MENTION Teluk Intan and the town’s century-old Leaning Tower tends to come to mind. However, the peaceful and quiet town is known not only for the tower that looks very much like the Leaning Tower of Pisa in Italy. A day out to the town, still known by many locals as Teluk Anson, can be an adventurous trip for food lovers, too.
Apart from getting a taste of the popular cuisine sold here, a “food-finding” trip can also be a history lesson of sorts.
This is because many of the popular foods sold in the town have a long history with recipes passed down from generation to generation.
One example is the delicious Liew Kee chee cheong fun, where the family business is almost like an institution.
Ask anyone from Teluk Intan and they will point you to the house at Jalan Hill where the popular dish is made and sold as takeaways.
The dish comes in two types – turnip and dried shrimp – and is eaten with sliced pickled green chillies to enhance its flavour.
Sow Ah Lek, 54, runs the trade with the help of his wife Khor Seu Eng, 51, and a few workers.
According to Ah Lek, his late grandfather Sow Liew, from China, started the business in Teluk Intan more than 70 years ago.
The family stall started on the riverbank in Teluk Intan and they later moved to the current premises when floods and erosion affected them in the 1970s.
Rice flour and water, with a bit of salt, are the main ingredients for the chee cheong fun.
Either turnip or dried shrimp are added to the watery mixture before Sow feeds it into a huge custom-made machine that steams and makes trays of chee cheong fun.
On weekends, it is common to see people queuing at the front of the house, which opens for business from 6.30pm to 7am from Tuesdays to Fridays and from 6.30pm on Saturdays to 8.30am on Sundays.

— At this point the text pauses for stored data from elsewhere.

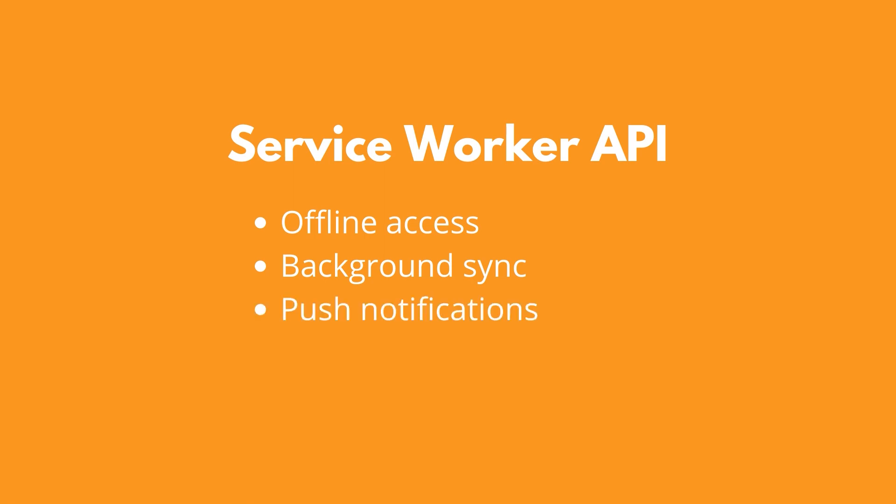Push notifications can prompt a user to re-engage your app, even when your page is not currently active.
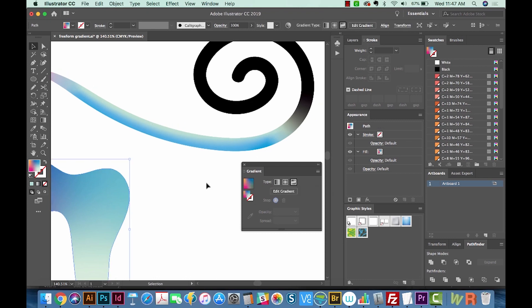And that's pretty much everything there is to know about the Freeform Gradient. So that's the Freeform Gradient feature new in Adobe Illustrator CC 2019. If you like this video, please click on the Like button. And I will see you next week for another graphic design tutorial. Thank you. Bye.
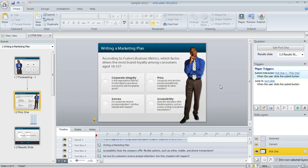If you're using Storyline, which is what we're looking at here, you can get to the audio editor in a few different ways.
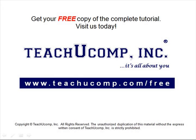Get your free copy of the complete tutorial at www.teachucomp.com forward slash free.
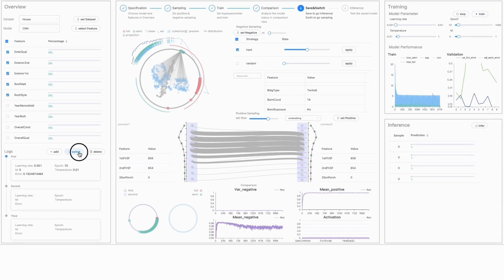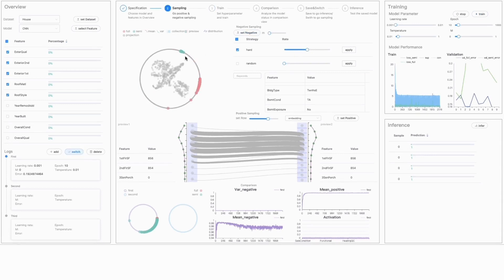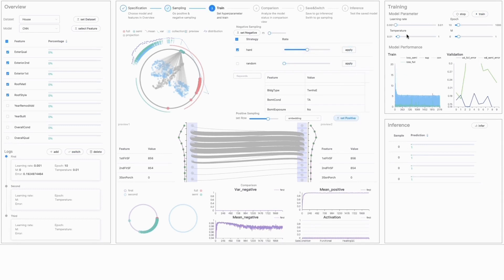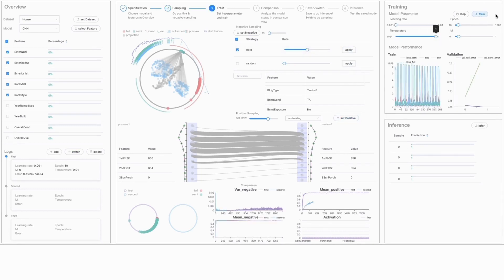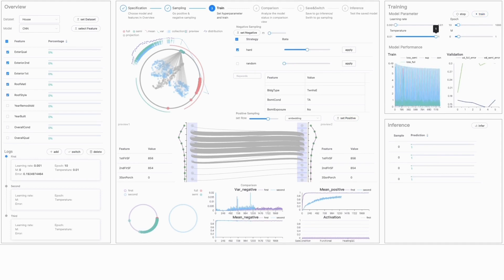To address this issue, we propose a contrastive learning-based framework that models datasets with missing values, requiring no imputation. Additionally, we develop a visual analytic system that aids in co-adaptive decision-making for measuring and diagnosing the training status of this framework.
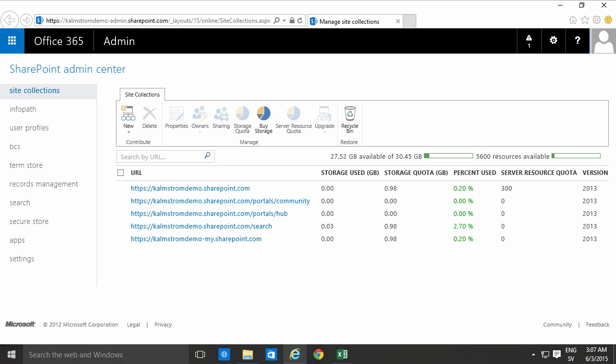Hi I'm Peter Kalmström of Kalmström.com Business Solutions. In this demonstration I'll show you how to create a new site collection within your Office 365 SharePoint Admin Center.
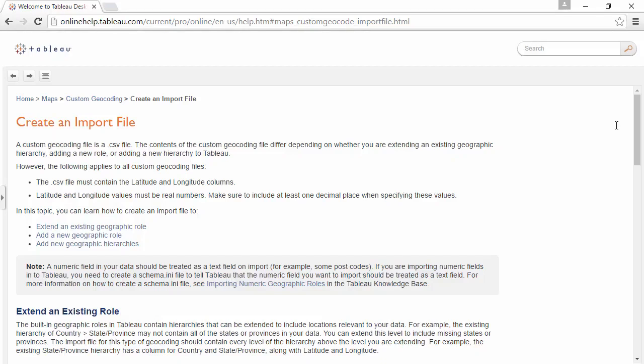Welcome to this video on custom geocoding. This video builds on the concepts in the Expanding Tableau's Mapping Capabilities video. You can download the exercise workbook and additional files to follow along in your own copy of Tableau.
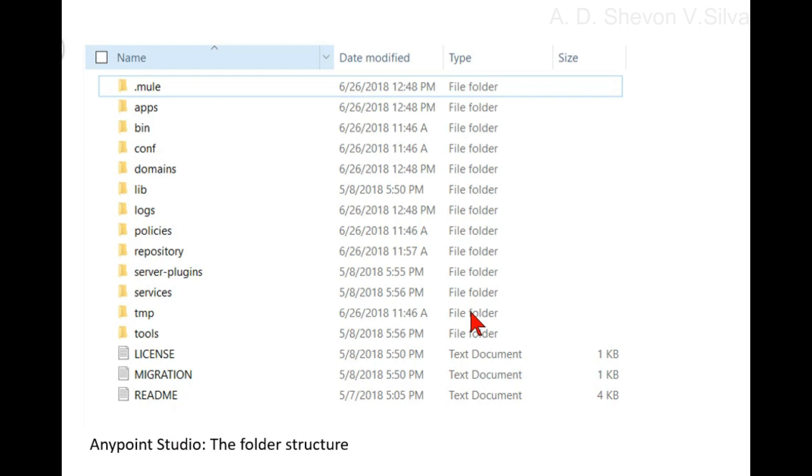Right-click on the domain project, Mule domain for example, and then export, then Mule, then Anypoint Studio project to Mule deployment archive includes studio metadata.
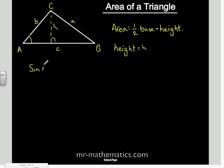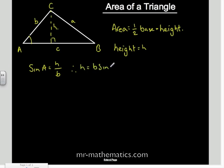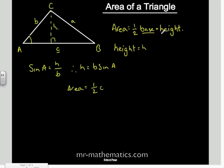Now we're going to find the height in terms of how we've labelled our diagram. The sine of A equals h over b, so rearranging that, the height h equals b·sine A. Therefore, the area is half the base, which is c, times the height, which we've found to be b·sine A.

Ah Lek’s chee cheong fun is also sold at a food stall in the mornings at Jalan Maharani.
Two other stalls popular among residents of Teluk Intan are the Mastan Ghani coffee shop, which sells mee rebus and rojak, and the M. Gulam Rasul nasi kandar place that serves ayam goreng rempah (fried chicken with spices).
According to Mohd Sultan, who took over the mee rebus and rojak stall from his father Mastan Ghani, his late father began selling the dishes in 1948 after he arrived from India.

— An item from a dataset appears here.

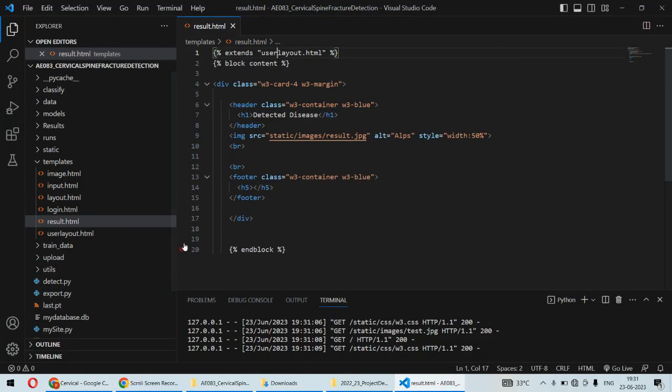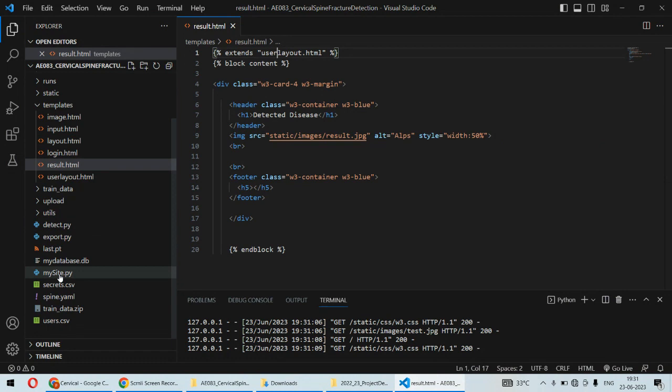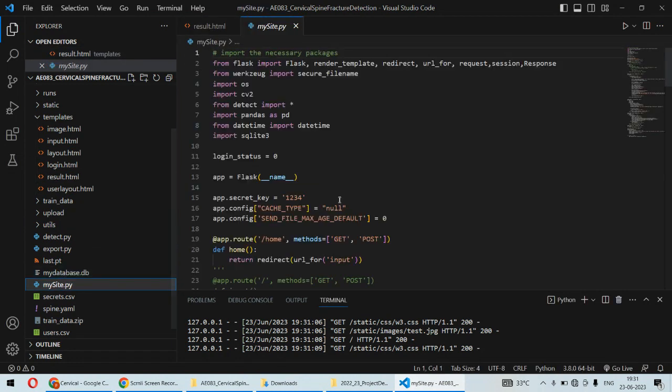Hello and welcome to our YouTube channel. In this video we are going to understand the demonstration of cervical spine fracture detection using deep learning or machine learning algorithm. For this project we are using the YOLO model.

“My late father created his own kuah (gravy) for the mee rebus and rojak which he sold by moving around the town with the dishes hanging from a piece of wood supported on his shoulders,” he said.
“After a while, he sold the popular mee rebus and rojak in a warong (makeshift stall) at a street corner.”
Mohd Sultan, 63, said the local authority provided a stall at Jalan Selat in 1959 and he had been there ever since.